You didn’t have to feel fear to hurt for someone you loved when they were in pain. But it could all be made better.
She fell asleep smiling.
She woke to lamplight and Sister Martha’s face bending over her pillow.
“Loup.” There was a world of sorrow in the Sister’s voice.
The empty feeling came crashing back. “What is it?”
“There are men downstairs,” Sister Martha murmured. “Soldiers. Mr. Roberts sent them to fetch you.” She laid a hand on Loup’s shoulder. “Tommy collapsed an hour ago. Mr. Roberts convinced them to take him to the medical facilities at the base. He thinks you should go.”
Loup scrambled out of bed and reached for her clothes, moving without thinking.
“Jesus!” Katya grumbled, waking. “Is there a tornado in here?”
“What?” Pilar asked sleepily from an adjacent bunk.
“It’s Tommy.” Loup headed for the door. “I have to go.”
“Loup.” Sister Martha caught her arm, her voice urgent. “These are soldiers. Slow down. Be careful.”
Loup shook her off. “I have to go.”
At the sight of the soldiers in the antechamber, she caught herself out of habit. Careful. It wouldn’t help Tommy if she was exposed. The soldiers stood at attention, waiting. Father Ramon was with them, looking old and tired.
“Are you Loup?” one of the soldiers asked. He had a kind face.
“Yes.”
“I’m Sergeant Buckland and this is Private Simons.” He reached out one hand. “We’re here to take you to your brother.”
She put her hands behind her back. “Okay.”
He hesitated, then withdrew his hand. “Okay. This way, honey.”
There was a jeep waiting in the street, its motor idling. Sergeant Buckland opened the door for Loup. She climbed into the backseat. She could feel the vibrations of the engine. The soldiers got into the front seats, Sergeant Buckland driving.

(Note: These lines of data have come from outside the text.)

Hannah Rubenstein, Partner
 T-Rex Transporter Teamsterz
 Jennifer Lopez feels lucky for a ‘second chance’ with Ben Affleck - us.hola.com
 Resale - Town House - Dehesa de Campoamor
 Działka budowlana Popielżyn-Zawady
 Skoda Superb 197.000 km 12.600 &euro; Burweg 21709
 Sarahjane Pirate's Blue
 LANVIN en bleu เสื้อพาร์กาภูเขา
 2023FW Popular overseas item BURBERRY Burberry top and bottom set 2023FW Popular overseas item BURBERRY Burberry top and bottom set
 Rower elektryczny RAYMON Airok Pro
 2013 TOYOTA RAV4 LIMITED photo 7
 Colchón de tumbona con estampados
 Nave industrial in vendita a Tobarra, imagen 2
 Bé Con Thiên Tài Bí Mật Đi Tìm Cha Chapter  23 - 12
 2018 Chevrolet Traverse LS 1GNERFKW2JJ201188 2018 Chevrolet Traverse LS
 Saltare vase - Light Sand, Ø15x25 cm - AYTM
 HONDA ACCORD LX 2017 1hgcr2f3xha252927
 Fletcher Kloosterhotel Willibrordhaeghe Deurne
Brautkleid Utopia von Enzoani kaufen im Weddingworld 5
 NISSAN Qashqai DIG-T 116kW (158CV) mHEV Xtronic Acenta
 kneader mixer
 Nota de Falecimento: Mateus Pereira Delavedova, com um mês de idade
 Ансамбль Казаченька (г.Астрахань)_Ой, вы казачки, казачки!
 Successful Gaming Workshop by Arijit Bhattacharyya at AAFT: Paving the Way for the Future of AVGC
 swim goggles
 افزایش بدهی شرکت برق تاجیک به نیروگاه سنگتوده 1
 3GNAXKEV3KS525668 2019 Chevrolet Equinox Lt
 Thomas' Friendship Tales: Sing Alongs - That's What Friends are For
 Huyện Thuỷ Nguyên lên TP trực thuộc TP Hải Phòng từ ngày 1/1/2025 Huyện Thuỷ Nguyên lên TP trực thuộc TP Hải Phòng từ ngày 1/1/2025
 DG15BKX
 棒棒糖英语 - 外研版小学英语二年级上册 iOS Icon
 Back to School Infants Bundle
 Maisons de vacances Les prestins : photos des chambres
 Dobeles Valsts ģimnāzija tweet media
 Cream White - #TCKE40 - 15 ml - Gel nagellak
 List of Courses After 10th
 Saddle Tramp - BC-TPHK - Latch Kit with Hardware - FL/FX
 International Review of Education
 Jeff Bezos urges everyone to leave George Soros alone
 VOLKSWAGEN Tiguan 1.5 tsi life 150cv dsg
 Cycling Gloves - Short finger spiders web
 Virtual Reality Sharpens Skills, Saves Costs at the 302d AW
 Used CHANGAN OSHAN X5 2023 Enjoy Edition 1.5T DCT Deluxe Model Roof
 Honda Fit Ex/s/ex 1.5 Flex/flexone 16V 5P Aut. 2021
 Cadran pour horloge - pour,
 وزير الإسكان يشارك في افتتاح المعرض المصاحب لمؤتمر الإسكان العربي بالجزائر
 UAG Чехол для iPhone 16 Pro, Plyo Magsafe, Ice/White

The engine rumbled as he put the jeep into gear and accelerated, the vibrations growing stronger. Somewhere in the back of her mind, Loup thought that Mack would be jealous. He’d always admired cars. There was an old one in the garage he liked to tinker with, wondering what it would be like to make it run. None of them had ever ridden in one.
It felt strange.
So strange.
They drove through the town square. The center was dark, but the bars were still open. Soldiers were drinking, laughing, and flirting. Outposters with permits were pouring drinks, serving soldiers. There was a line at the torta vendor’s cart.
They drove to the outskirts of town and kept going. Ahead, the base loomed. It wasn’t lit up as much at night as Loup had imagined, only at the checkpoints. The first one was at the gate where the chain-link fence that surrounded the entire complex began. A soldier with a rifle over his shoulder approached the car when Sergeant Buckland stopped. Buckland and Simons showed him their ID cards and a piece of paper with their orders written on it. The soldier on guard duty leaned over, squinting at Loup.
“Okay.” He waved them on.
Darkness, then another checkpoint. The same procedure, another guard waving them on to a different section of the base.
The base was huge, filled with enormous cinder-block buildings and anonymous streets. It was no wonder the soldiers tried to get out of there and spend time in Outpost whenever they could.
They parked in front of one of the big buildings. Loup shook her head when Sergeant Buckland tried to help her out of the jeep.
“It’s gonna be okay, honey,” he said kindly. “The army’s got good docs. They’ll fix your brother up.”
The other soldier didn’t say anything.
They showed their cards and papers to another guard at the door, then ushered Loup inside. It was bright inside, a harsh white light flooding everywhere. Everything seemed hard and polished and clean. Aside from the guard at the door and the soldiers escorting her, the men wore blue hospital scrubs like the ones that Pilar had sewn into a dress for Santa Olivia. Some had white coats over them, some didn’t.